-- Source records --
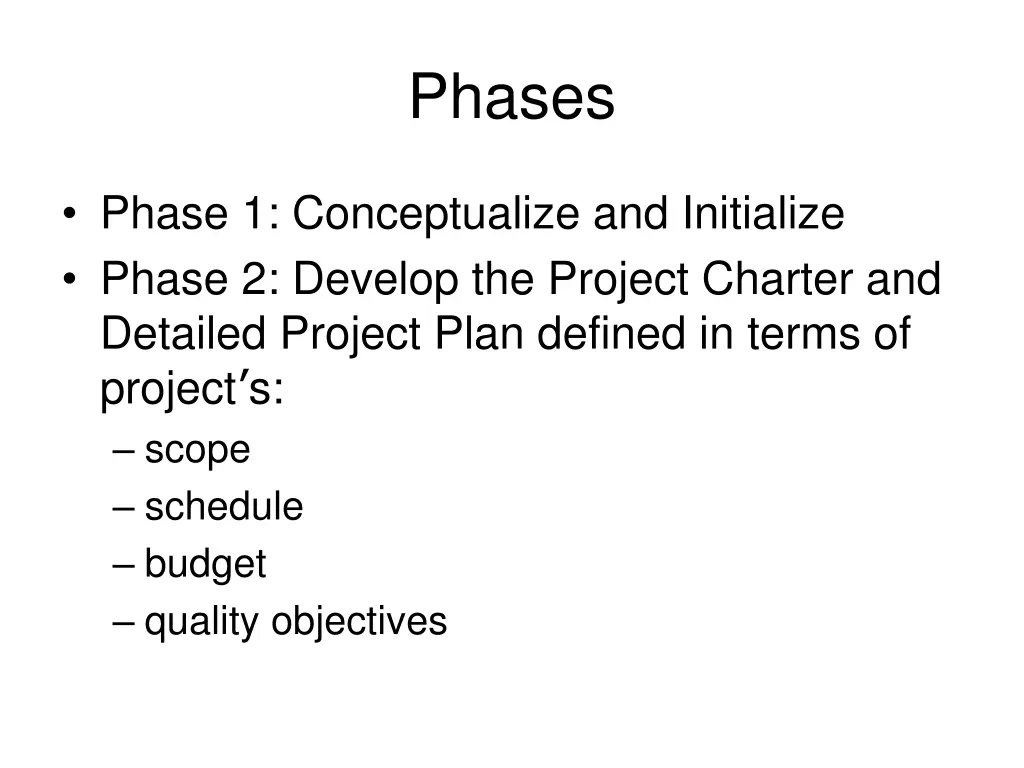 phases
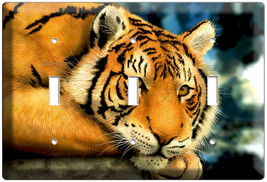 new Siberian wild tiger triple quadruple light switch outlet combo cover... - $18.99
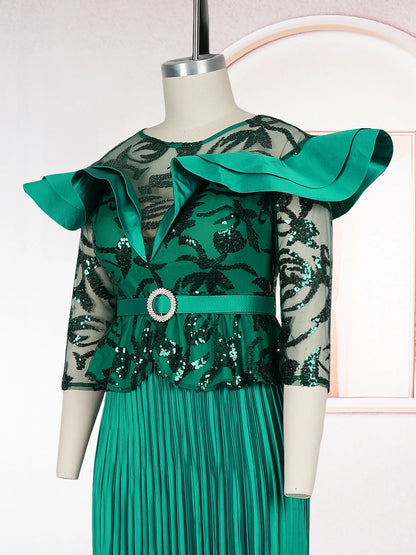 Plus Size African Party Dress - 2026 Dashiki Ankara Wedding Evening Maxi Gown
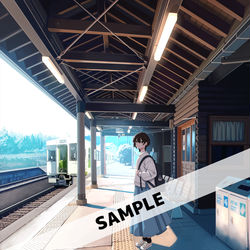 This is a pixiv picture whose title is 鉄道の旅.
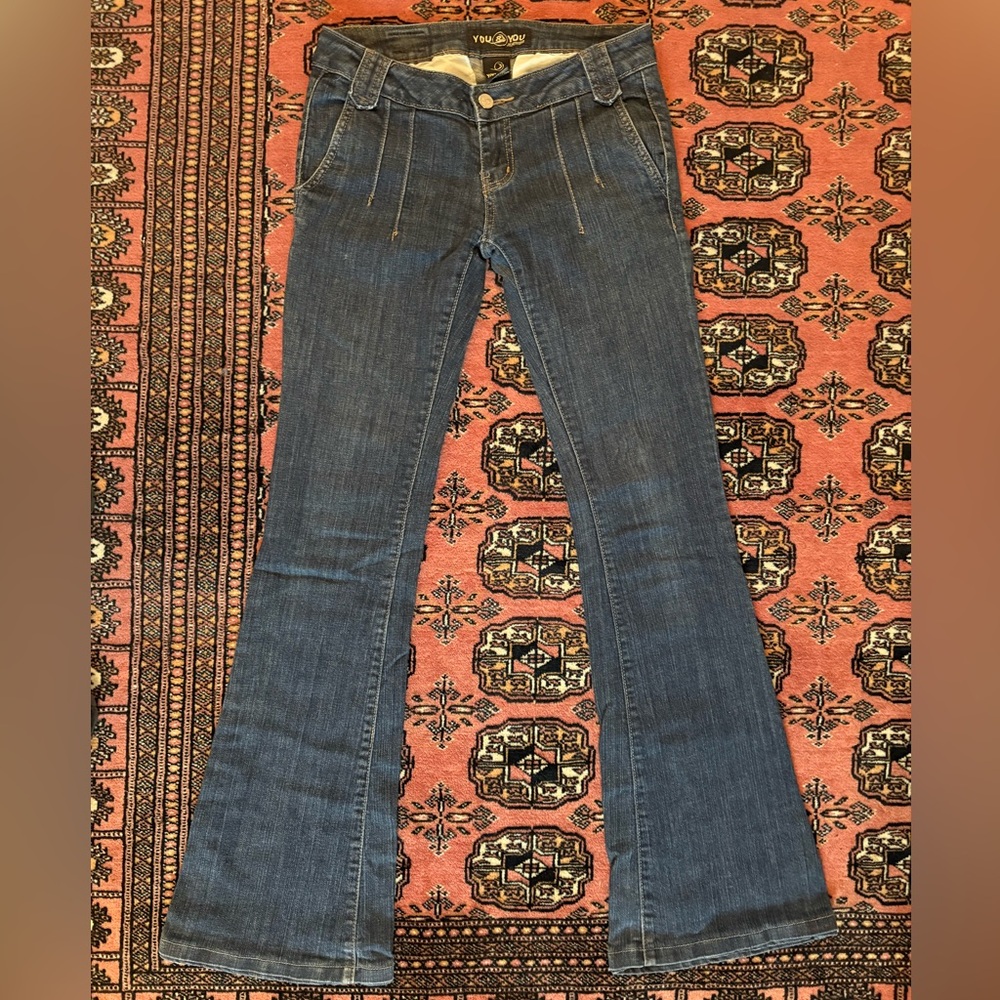 You & You Low Rise Flair Dark Wash Jean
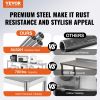 VEVOR Double Overshelf, Double Tier Stainless Steel Overshelf, 12 x 72 Inch Double Deck Overshelf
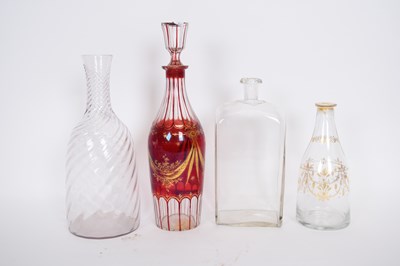 Lot 45 - Group of decanters including a Regency example...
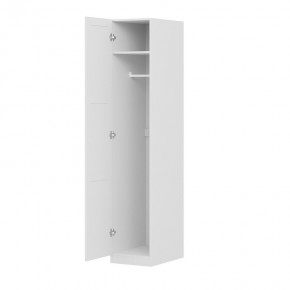 Шкаф ПЕГАС однодверный с рамочным фасадом, цвет белый в Миассе - miass.ok-mebel.com | фото 2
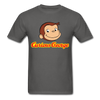 Curious George Logo Unisex Classic T-Shirt - charcoal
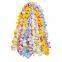 Wholesle plastic artificial hawaiian decor,hawaiian flower leis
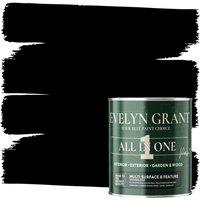EVELYN GRANT All-In-One Multi Surface Indoor & Outdoor Paint - 5L - Matt in Midnight Black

-- Aim of the task --
Without changing a word, restate the listing above; the pictures stay out.

-- Solved exercise --
 phases
 new Siberian wild tiger triple quadruple light switch outlet combo cover... - $18.99
 Plus Size African Party Dress - 2026 Dashiki Ankara Wedding Evening Maxi Gown
 This is a pixiv picture whose title is 鉄道の旅.
 You & You Low Rise Flair Dark Wash Jean
 VEVOR Double Overshelf, Double Tier Stainless Steel Overshelf, 12 x 72 Inch Double Deck Overshelf
 Lot 45 - Group of decanters including a Regency example...
 Шкаф ПЕГАС однодверный с рамочным фасадом, цвет белый в Миассе - miass.ok-mebel.com | фото 2
 Curious George Logo Unisex Classic T-Shirt - charcoal
 Wholesle plastic artificial hawaiian decor,hawaiian flower leis
EVELYN GRANT All-In-One Multi Surface Indoor & Outdoor Paint - 5L - Matt in Midnight Black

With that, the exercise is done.